◆ **RECORD EXTRACTS**
* * *

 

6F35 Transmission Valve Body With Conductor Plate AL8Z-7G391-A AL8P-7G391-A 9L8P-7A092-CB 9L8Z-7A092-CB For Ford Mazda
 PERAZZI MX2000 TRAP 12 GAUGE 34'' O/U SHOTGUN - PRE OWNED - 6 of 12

* * *

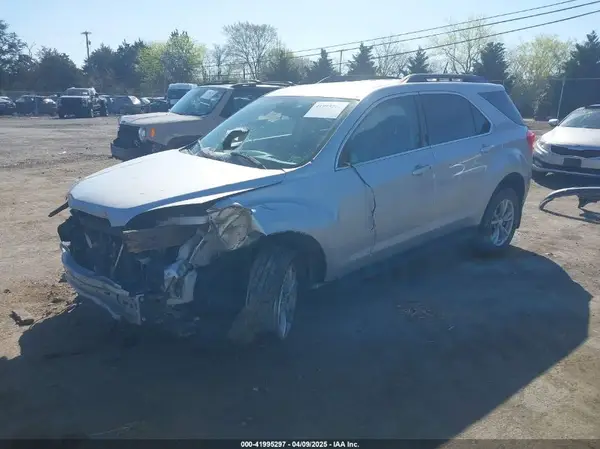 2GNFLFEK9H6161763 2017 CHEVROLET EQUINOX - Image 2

* * *

◆ **GOAL OF THE EXERCISE**
Using the entries above, extract exactly the span from the line with "6F35 Transmission Valve" to the line with "PERAZZI MX2000 TRAP", both lines included; leave out everything else.

◆ **THE ANSWER**
6F35 Transmission Valve Body With Conductor Plate AL8Z-7G391-A AL8P-7G391-A 9L8P-7A092-CB 9L8Z-7A092-CB For Ford Mazda
 PERAZZI MX2000 TRAP 12 GAUGE 34'' O/U SHOTGUN - PRE OWNED - 6 of 12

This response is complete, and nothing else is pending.